Now let's submit a Job to see if it works properly. Before that, however, you need a valid AWS S3 account and a bucket with sample data. I used Kaggle to download sample data, which can be downloaded from https://www.kaggle.com/datasna. S.csv is obtained. After obtaining, you need to upload it to the bucket of S3. Assuming the bucket name is s3-data-bucket, the sample data file is located in s3-data-bucket/data.csv.

Once the data is ready, it is loaded into a Spark master pod for execution. Take the name spark-master-controller-5rgz2 of Pod as an example, the command is as follows:

Kubectl exec-it spark-master-controller-v2hjb / bin/bash

If you log in to the Spark system, you can run Spark Shell:

Export SPARK_DIST_CLASSPATH=$ (hadoop classpath) spark-shell Setting default log level to "WARN". To adjust logging level use sc.setLogLevel (newLevel). For SparkR, use setLogLevel (newLevel). Spark context Web UI available at http://192.168.132.147:4040 Spark context available as' sc' (master = spark://spark-master:7077, app id = app-20170405152342-0000). Spark session available as' spark'. Welcome to _ / _ / / _\ / _ _\ / _ _ / `/ _ _ / / _ /. _ _ / _ _ / / _ _ / /\ _ version 2.4.4 / _ / Using Scala version 2.11.12 (Java HotSpot (TM) 64-Bit Server VM) Java 1.8.0mm 221) Type in expressions to have them evaluated. Type: help for more information. Scala >

Now let's tell Spark Master,S3 the details of the storage and enter the following configuration at the Scale prompt shown above:

Sc.hadoopConfiguration.set ("fs.s3a.endpoint", "https://s3.amazonaws.com") sc.hadoopConfiguration.set (" fs.s3a.access.key "," s3-access-key ") sc.hadoopConfiguration.set (" fs.s3a.secret.key "," s3-secret-key ")

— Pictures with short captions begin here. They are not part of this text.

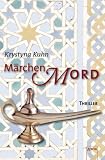M�rchenmord (Arena M�dchenthriller) - Krystyna Kuhn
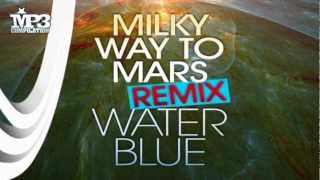 WATER BLUE | Milky way to Mars (boh & luke remix edit) [OFFICIAL PROMO]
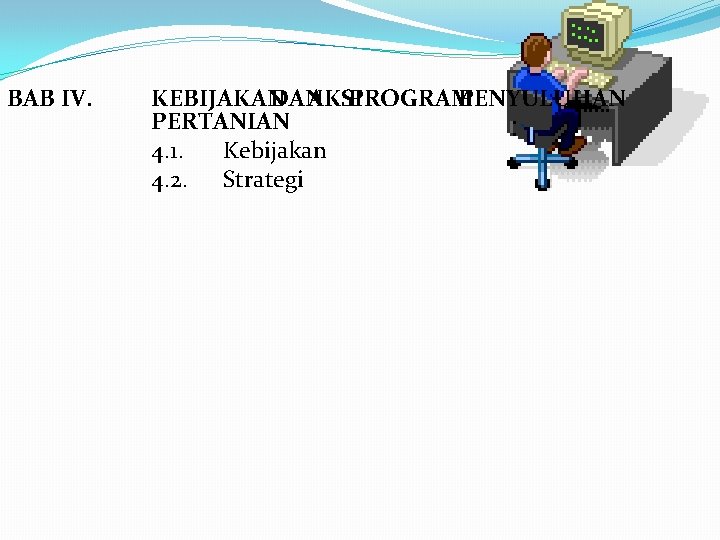 BAB IV. KEBIJAKAN DAN AKSI PROGRAM PENYULUHAN PERTANIAN 4. 1. Kebijakan 4. 2. Strategi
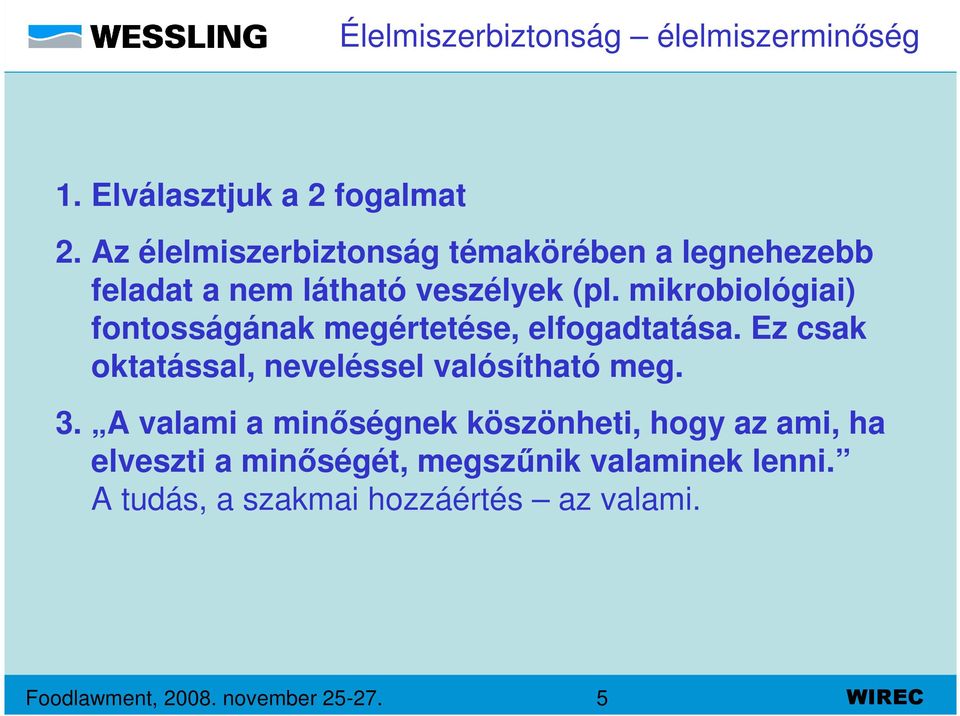 mikrobiológiai) fontosságának megértetése, elfogadtatása. Ez csak oktatással, neveléssel valósítható meg. 3.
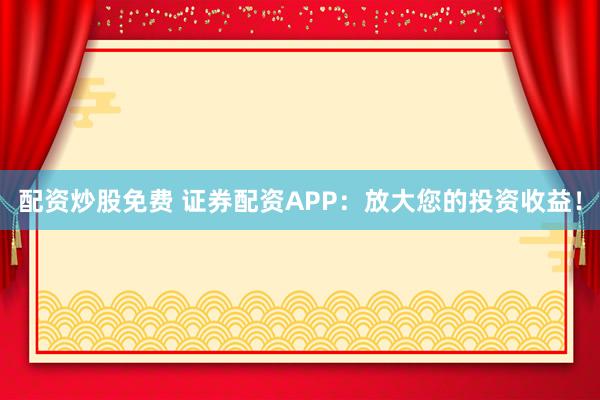 配资炒股免费 证券配资APP:放大您的投资收益!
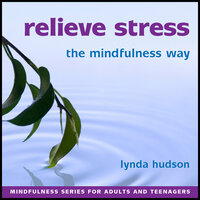 Relieve Stress: The Mindfulness Way: The Mindfulness Collection - Lynda Hudson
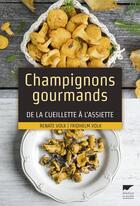 Couverture du livre « Champignons gourmands ; de la cueillette à l'assiette » de Fridhelm Volk et Renate Volk aux éditions Delachaux & Niestle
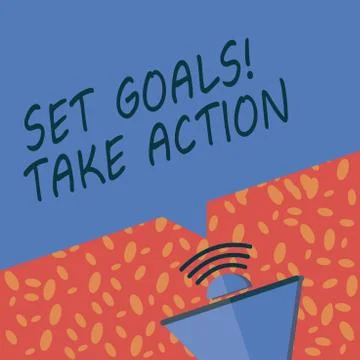 Writing note showing Set Goals Take Action. Business photo showcasing Act on a Stock Illustration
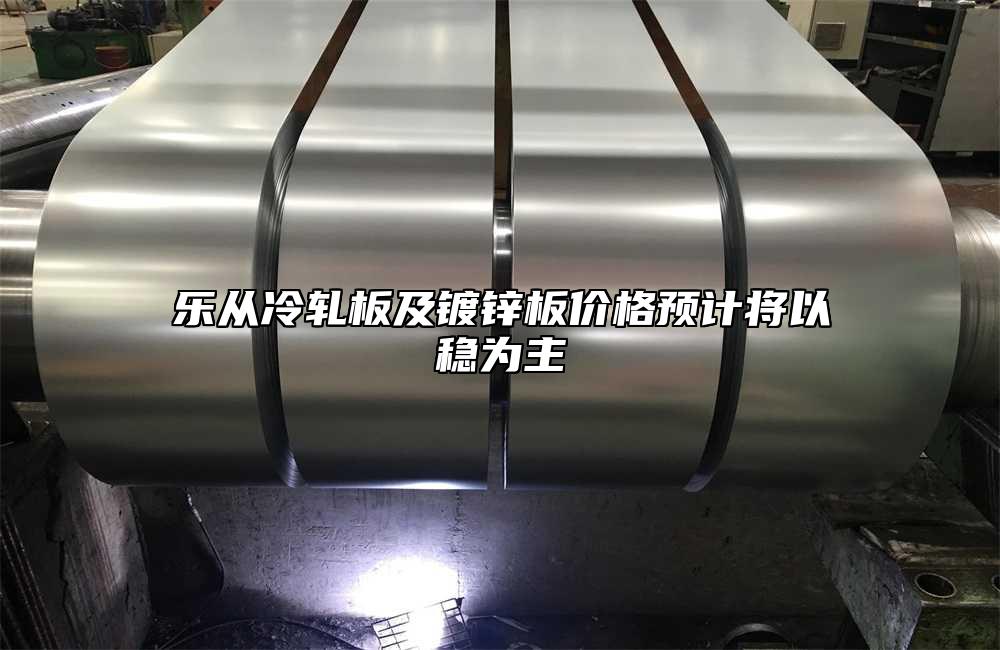 樂從冷軋板及鍍鋅板價格預計將以穩為主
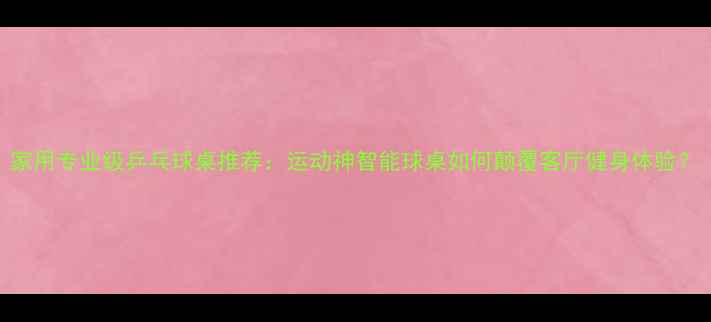 图片 家用专业级乒乓球桌推荐：运动神智能球桌如何颠覆客厅健身体验？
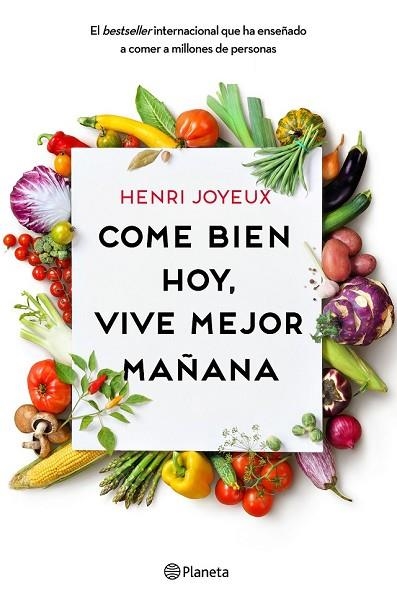 COME BIEN HOY, VIVE MEJOR MAÑANA | 9788408175339 | JOYEUX, HENRI | Llibreria Drac - Llibreria d'Olot | Comprar llibres en català i castellà online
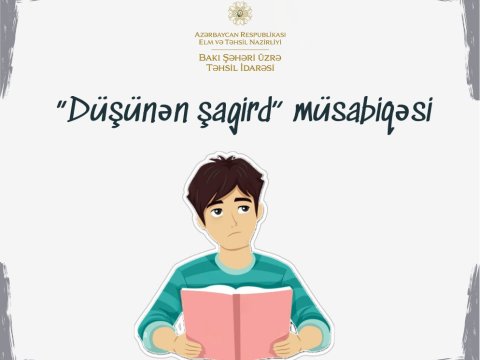 “Düşünən şagird” müsabiqəsinə start verilib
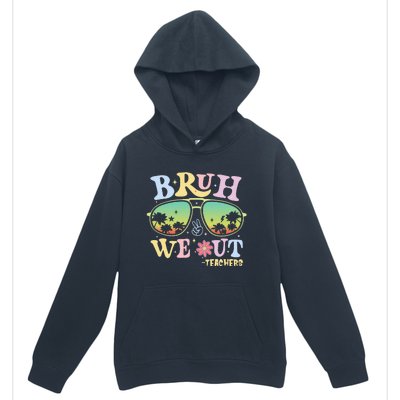 Bruh We Out Teachers Happy Last Day Of School Urban Pullover Hoodie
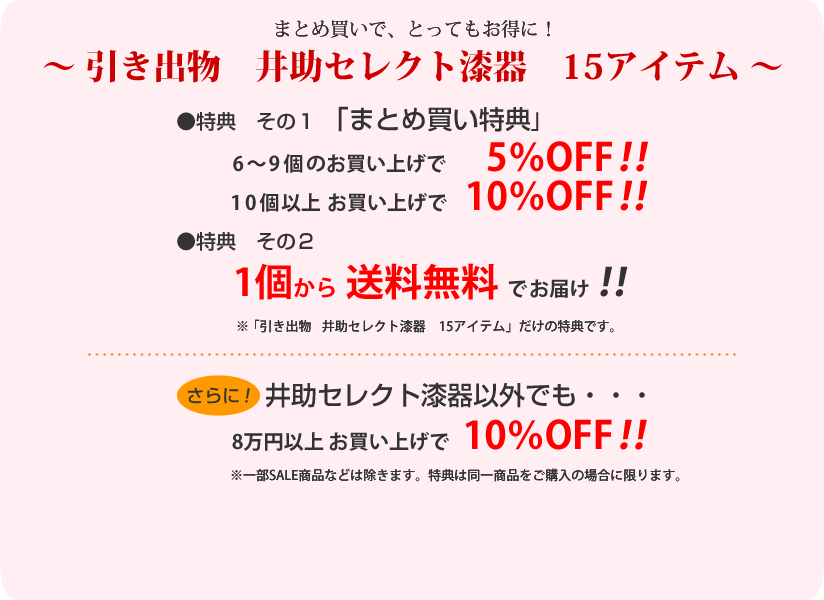 ～引き出物　井助セレクト漆器　15アイテム～
特典その１「まとめ買い特典」
6～9個で5％OFF！
10個以上で10％OFF！
特典その２
１個から送料無料！

さらに！セレクト漆器以外でも・・・
8万円以上お買い上げで10％OFF！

Now, simply paste the following into the Scala prompt to submit the Spark Job (remember to modify the S3 related fields):

Import org.apache.spark._ import org.apache.spark.rdd.RDD import org.apache.spark.util.IntParam import org.apache.spark.sql.SQLContext import org.apache.spark.graphx._ import org.apache.spark.graphx.util.GraphGenerators import org.apache.spark.mllib.regression.LabeledPoint import org.apache.spark.mllib.linalg.Vectors import org.apache.spark.mllib.tree.DecisionTree import org.apache.spark.mllib.tree.model.DecisionTreeModel import org.apache.spark.mllib.util .MLUtils val conf = new SparkConf () .setAppName ("YouTube") val sqlContext = new SQLContext (sc) import sqlContext.implicits._ import sqlContext._ val youtubeDF = spark.read.format ("csv") .option ("sep") ","). Option ("inferSchema", "true"). Option ("header", "true"). Load ("s3a://s3-data-bucket/data.csv") youtubeDF.registerTempTable ("popular") val fltCountsql = sqlContext.sql ("select s.title from popular s") fltCountsql.show ()

Finally, you can update the Spark deployment using the kubectl patch command command. For example, you can add more worker nodes when the load is high, and then delete them when the load drops.

On how to analyze Kubernetes-based Spark deployment is shared here, I hope the above content can be of some help to you, can learn more knowledge. If you think the article is good, you can share it for more people to see.

Welcome to subscribe "Shulou Technology Information " to get latest news, interesting things and hot topics in the IT industry, and controls the hottest and latest Internet news, technology news and IT industry trends.

*The comments in the above article only represent the author's personal views and do not represent the views and positions of this website. If you have more insights, please feel free to contribute and share.